Sulle mancate segnalazioni alla Prefettura: «Queste erano esclusivamente fatte da Orlando e Montella, lui non ne ha mai fatta una. Peraltro non necessariamente veniva effettuata nell’immediato ma entro i dieci giorni successivi all’arresto. Non vi è alcuna captazione o intercettazione che provi che Esposito sapesse o fosse messo a conoscenza della volontà di non fare la segnalazione. Inoltre emerge che il controllo sull’esecuzione della segnalazione era compito di Orlando. Il fatto che non ci fosse la segnalazione all’atto dell’arresto è quindi circostanza che non poteva neppure suscitare in Esposito il sospetto che non venisse fatta».

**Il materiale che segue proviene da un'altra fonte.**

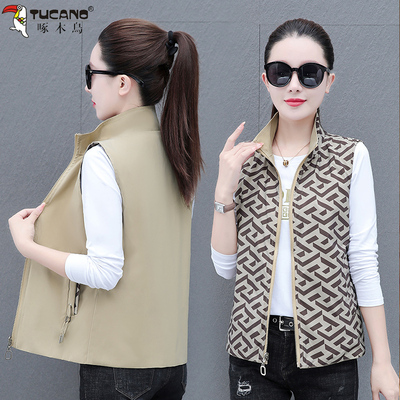 啄木鸟双面穿马甲女2025新款中年妈妈春秋季短款坎肩背心马夹外穿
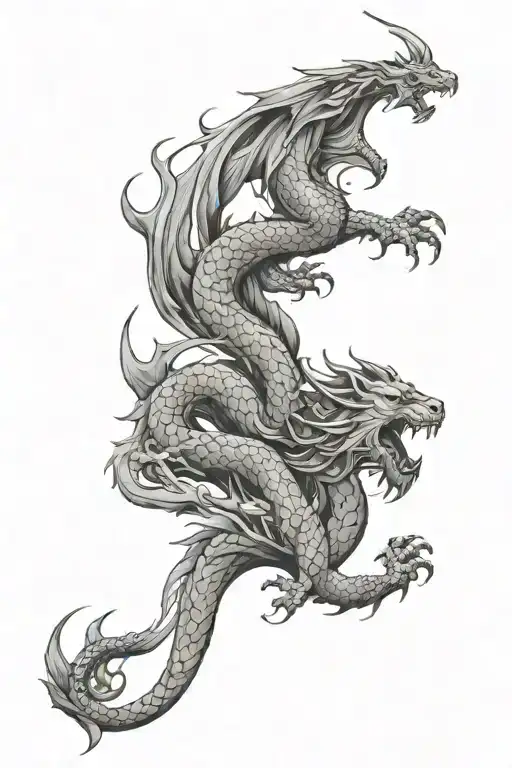 rows with a dragon,pheniox, and lion in between  tattoo design idea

Sul caso El Sayed e l’accusa di tortura: «Esposito qui risponde dei reati di falso, tortura e sequestro di persona in concorso. Innanzitutto Elsayed in sede di incidente probatorio ha espressamente indicato i militari presenti e quello che hanno fatto. Indica in Cappellano e Montella quali militari che lo avrebbero picchiato. Esposito lo colloca solo in caserma e lo indica come colui che gli ha dato l’acqua. La bottiglietta però gli è stata data al Provinciale non in via Caccialupo: lì non ci sono distributori automatici. Erano in viale Beverora per il fotosegnalamento e ci sembra strano che nessuno lì si sia accorto di eventuali segni di tortura su El Sayed». «Non si comprende perché un carabiniere e Orlando siano stati ritenuti conniventi ed Esposito concorrente nonostante fossero tutti presenti ai fatti e, al pari di loro due Esposito non ha partecipato alla asserite violenze su stessa dichiarazione della persona offesa».